If you ain’t runnin’ with it, run from it
Gird your loins, people. The best holiday of the year is upon us.
Forget for a moment what you think you know about holidays. Sure, you probably like Christmas, because who doesn’t enjoy a good gift-giving holiday? Or maybe Thanksgiving if you’re into food and family and naps and football. Halloween, you say? I respect that and I also enjoy binge eating candy and wearing glitter all over my body.
All these days are nice, respectable celebrations. All wear their own hat. All deserve a nice round of applause. But, please, hold your standing ovation for the King of all the 365 days: L.D.O.C. (Read that as if I am singing it at the top of my lungs through a megaphone from the highest point in the bell tower with a chorus of angels harmonizing in the background).
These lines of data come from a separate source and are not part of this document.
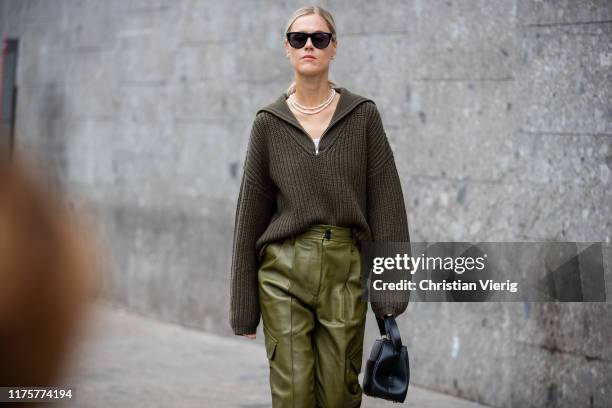 Linda Tol is seen wearing olive green pants, knit with zipper, black pants outside the Max Mara show during Milan Fashion Week Spring/Summer 2020 on...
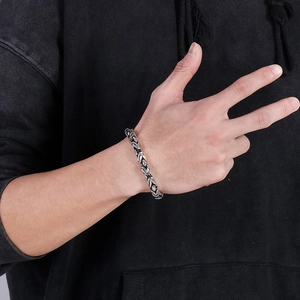 Close-up of a silver men's titanium steel king chain bracelet worn on a wrist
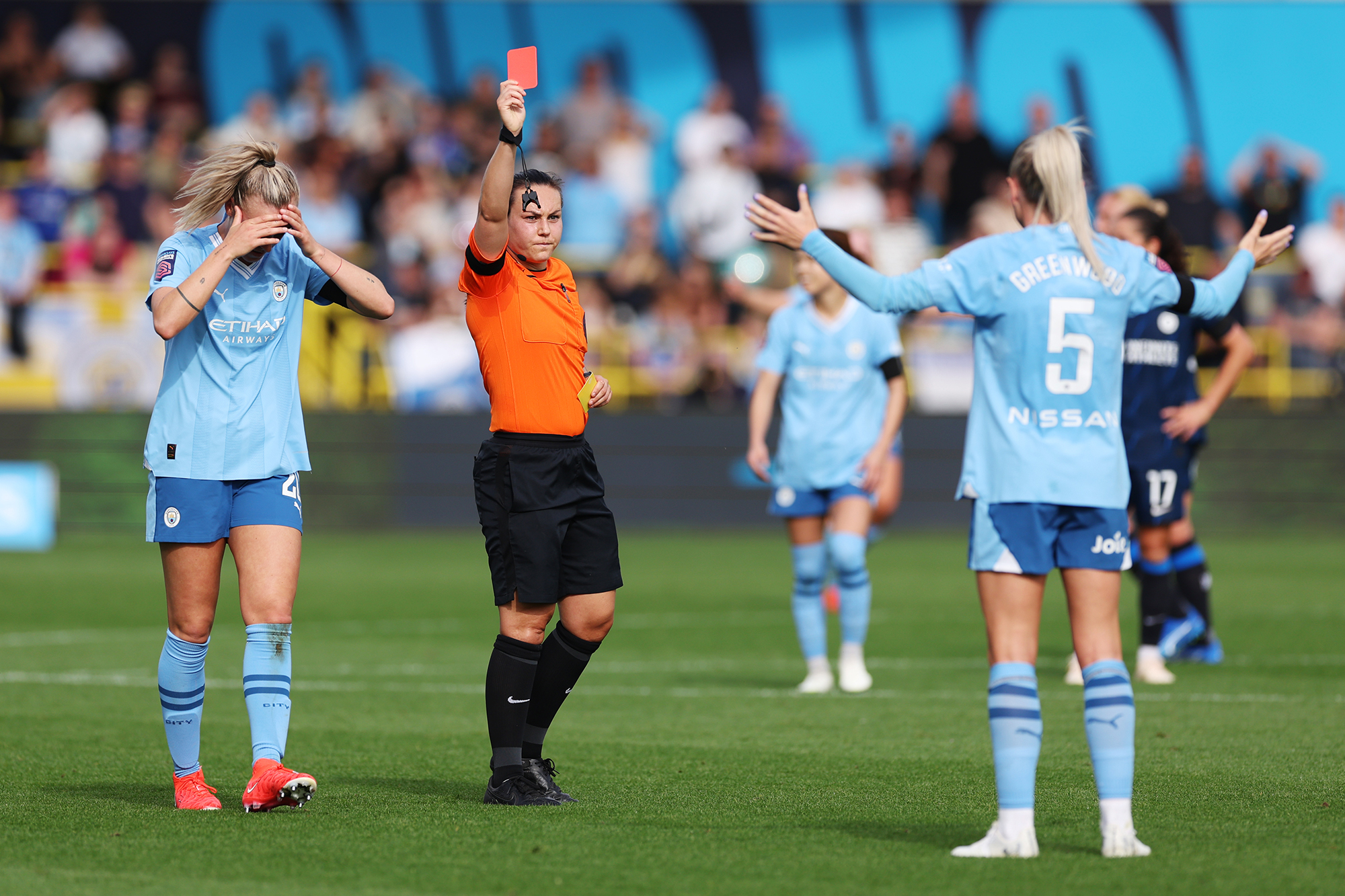 Man City's Alex Greenwood receives a controversial red card for time-wasting in the game against Chelsea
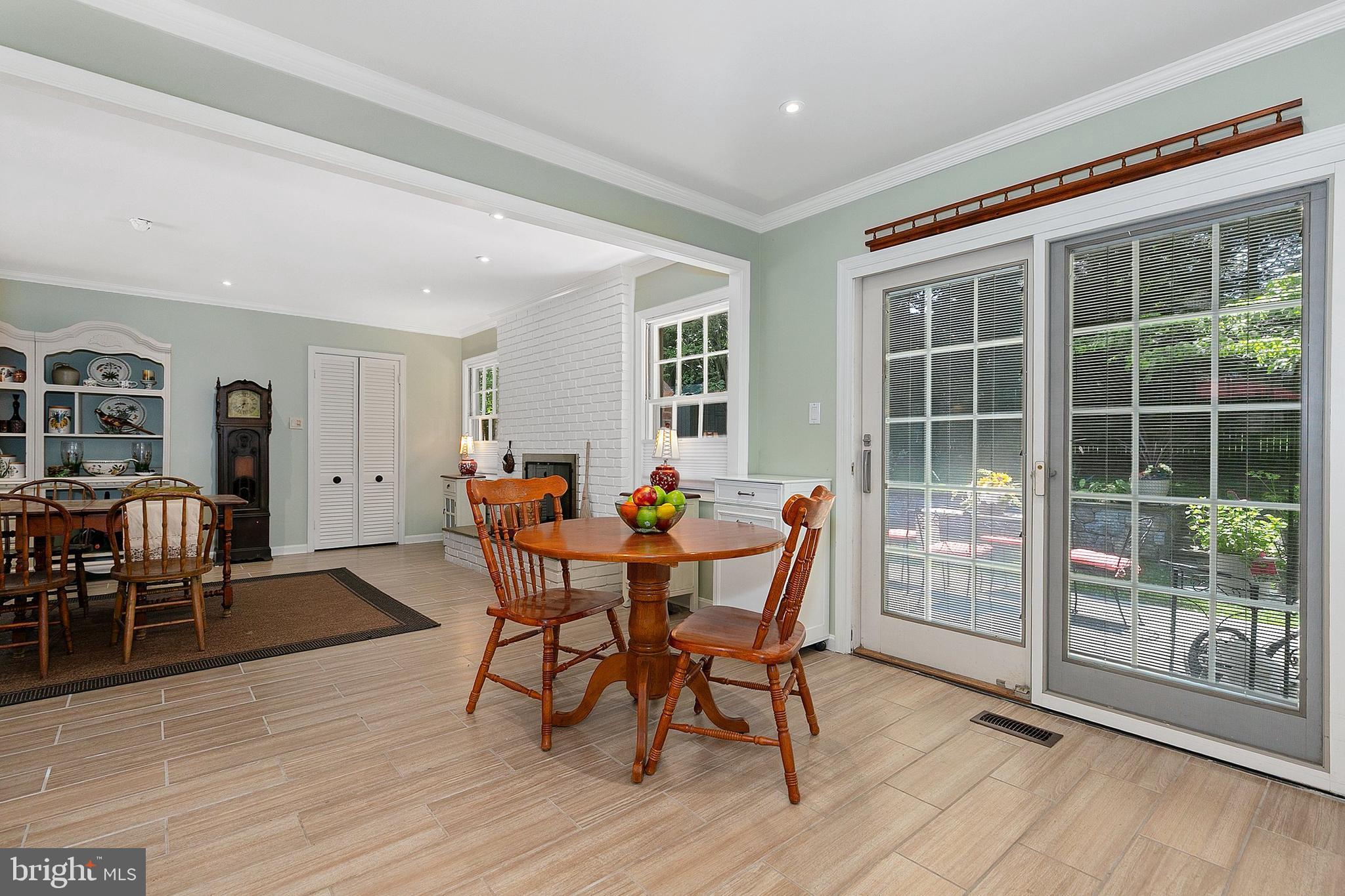 3004 Bluff Point Lane Silver Spring, MD 20906 - Photo 26 of 74 a view of a dining room with furniture and wooden floor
To kick this thing off, I wrote an acrostic poem about the Last Day of Class because we are romantically involved. Consider this your mantra for Friday, April 24.
L Leave your worries behind
D Drink everything you find
O Of exams, we don’t speak
C Carry on without the weak
Now let me say that in English: class is over, there’s a lot of free alcohol in the area, exams haven’t started yet (so please don’t use the F word…finals), and sadly a lot of your friends are going to tap out pretty early in the day BUT YOU MUST PERSEVERE WITHOUT THEM.
What follows is a completely unstructured dialogue of tips for surviving L.D.O.C. from unidentified contributors (my friends) (are psycho).
H: The key to a successful LDOC is hydration. And by hydration I mean drinking any and all alcohol you can get your hands on.
A: Remember to pack all your essentials for transforming your look from day-ready to night-ready. And also be aware you will lose everything, forget to redo your makeup at all, and end up sobbing in a frat bathroom.
S: Wait, why are you telling them not to talk about final exams? This is THE final exam. The ultimate test to show off the tolerance you’ve been working on all semester.
L: Make sure to pace yourself and eat meals! Just kidding, beer is fine. Beer has calories. Beer is food.
C: Am I allowed to say pack a mimosa for class? Okay, fine, pack a mimosa for “AFTER” class.
S: Ah, LDOC. One last chance to get Frat Ratchet as an upperclassman.
H: Only two weeks stand between you and summer, so you might as well go ahead and celebrate. #mama #wemadeit
I will conclude by saying that I find all of the above inadvisable and irresponsible.
I will also conclude by saying I will be participating in every possible way. Best of luck to everyone. Hope to see you on the LDOC playground so we can get “Frat Ratchet” together.